Türkiye`nin, Suriye`de yaşanan bütün gelişmeleri anbean takip ettiğini belirten Arınç, "Gerek bölgesel gerekse uluslararası düzeyde son derece olumsuz yansımaları olan Suriye`deki ihtilafın, bölgenin güvenlik ve istikrarı üzerindeki etkileri de maalesef ağırlaşmaktadır" ifadesini kullandı.
Sınır bölgesinin birbirine çok yakın olduğunu ve seken kurşunlardan, Türkiye tarafından bir vatandaşın hayatını kaybettiğini, birkaç kişinin de yaralandığını hatırlatan Arınç, şunları söyledi:
"Suriye`deki mevcut durum çerçevesinde ortaya çıkan otorite boşluğundan bazı grupların istifade ettiğini ve kendi gizli amaçları uğruna, ülkedeki kırılgan ve hassas durumdan istifade ederek, Suriye`nin toprak bütünlüğünü ve siyasi birliğini tehlikeye atacak gelişmelere göz yummamız Türkiye`den beklenemez. Bu gelişmelerin sınıraşan nitelik kazanması ve vatandaşlarımızın can güvenliğini tehdit edecek boyutlara ulaşması da asla kabul edilemez. Türkiye, sınır güvenliği ve vatandaşlarımızın güvenliği bakımından her türlü tedbiri almaktadır ve almaya devam edecektir.

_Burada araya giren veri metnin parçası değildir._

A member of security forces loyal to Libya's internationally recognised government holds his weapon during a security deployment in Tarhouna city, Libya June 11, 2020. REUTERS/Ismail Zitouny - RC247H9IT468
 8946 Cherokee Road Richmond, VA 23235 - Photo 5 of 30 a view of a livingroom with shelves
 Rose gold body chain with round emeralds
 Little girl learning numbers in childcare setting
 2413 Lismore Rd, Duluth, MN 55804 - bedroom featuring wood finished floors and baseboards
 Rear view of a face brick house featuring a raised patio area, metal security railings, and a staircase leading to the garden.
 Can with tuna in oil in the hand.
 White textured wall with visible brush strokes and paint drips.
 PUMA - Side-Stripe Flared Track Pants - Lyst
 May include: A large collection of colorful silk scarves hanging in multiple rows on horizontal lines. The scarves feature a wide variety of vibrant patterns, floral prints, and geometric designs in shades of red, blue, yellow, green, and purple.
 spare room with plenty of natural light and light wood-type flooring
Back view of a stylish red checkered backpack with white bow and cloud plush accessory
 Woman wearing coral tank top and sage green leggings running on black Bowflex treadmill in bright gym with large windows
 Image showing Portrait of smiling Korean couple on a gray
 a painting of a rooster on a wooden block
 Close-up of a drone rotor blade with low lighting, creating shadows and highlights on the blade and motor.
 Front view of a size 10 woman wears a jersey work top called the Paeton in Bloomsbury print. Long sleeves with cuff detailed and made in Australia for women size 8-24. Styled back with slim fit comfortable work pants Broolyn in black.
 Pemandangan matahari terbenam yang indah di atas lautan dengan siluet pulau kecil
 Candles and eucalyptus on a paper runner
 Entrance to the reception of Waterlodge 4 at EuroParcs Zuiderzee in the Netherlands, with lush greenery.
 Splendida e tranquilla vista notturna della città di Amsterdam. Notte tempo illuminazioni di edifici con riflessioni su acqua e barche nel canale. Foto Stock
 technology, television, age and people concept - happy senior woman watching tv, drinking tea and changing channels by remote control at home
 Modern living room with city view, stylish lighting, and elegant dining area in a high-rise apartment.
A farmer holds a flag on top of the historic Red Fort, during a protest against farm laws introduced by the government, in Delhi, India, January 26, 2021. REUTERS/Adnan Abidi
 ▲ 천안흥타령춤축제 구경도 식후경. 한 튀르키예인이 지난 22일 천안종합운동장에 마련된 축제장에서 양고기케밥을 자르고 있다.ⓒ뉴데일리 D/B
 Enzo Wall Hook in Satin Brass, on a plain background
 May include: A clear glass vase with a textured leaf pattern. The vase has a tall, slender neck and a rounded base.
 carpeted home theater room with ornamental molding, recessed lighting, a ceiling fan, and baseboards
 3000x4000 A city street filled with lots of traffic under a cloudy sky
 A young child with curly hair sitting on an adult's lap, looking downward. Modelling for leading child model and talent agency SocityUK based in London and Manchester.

Türk Silahlı Kuvvetleri, yürürlükteki angajman kuralları çerçevesinde gerektiğinde anında mukabelede bulunmaktadır. Ülkemizin sınır güvenliği ve yurttaşlarımızın can güvenliğine yönelik her türlü tehdide karşı ilgili tüm kurumlarımızca eşgüdüm halinde süratle hareket edilmekte ve gerekli önlemler alınmaktadır."
Arınç, "Suriye`de herhangi bir etnik ya da mezhebi grup tarafından oluşturulacak, defakto yönetimleri kabul etmeyeceğimizi bugüne kadar defaten dile getirdik. Hangi etnik kökenden, din ve mezhepten olursa olsun, tüm Suriyelileri kucaklayan meşru, demokratik ve anayasal eşitliğe dayalı bir sistemin kurulmasını arzuluyoruz. Bu anlayıştan hareketle Suriye halkının meşru talepleri doğrultusunda, soruna bir an evvel siyasi bir çözüm bulunmasına yönelik çabalara destek veriyoruz" diye konuştu.
"Hassas bir konu üzerinde olduğumuzu biliyoruz"
"Siyasi alanda yürütülen bu çabalar sürerken, belirli bölgelerde emrivakiler yoluyla defakto durumların yaratılmasının, Suriye`nin birlik ve beraberliği üzerinde son derece olumsuz neticeler doğuracağı açıktır" diyen Arınç, şunları kaydetti:
"Meşruiyetini ve aklıselimle davranma becerisini yitiren rejimin, varlığını sürdürebilmek adına, çeşitli grupları kullanarak, ülkedeki değişik etnik ve mezhep gruplarını birbirine karşı kullanmak adına bazı taktiklere başvurması beklenebilir. Suriye halkının, bu tür oyunlara kanmayacak kadar uzun bir birlikte yaşama tecrübesine sahip olduğuna inanıyoruz."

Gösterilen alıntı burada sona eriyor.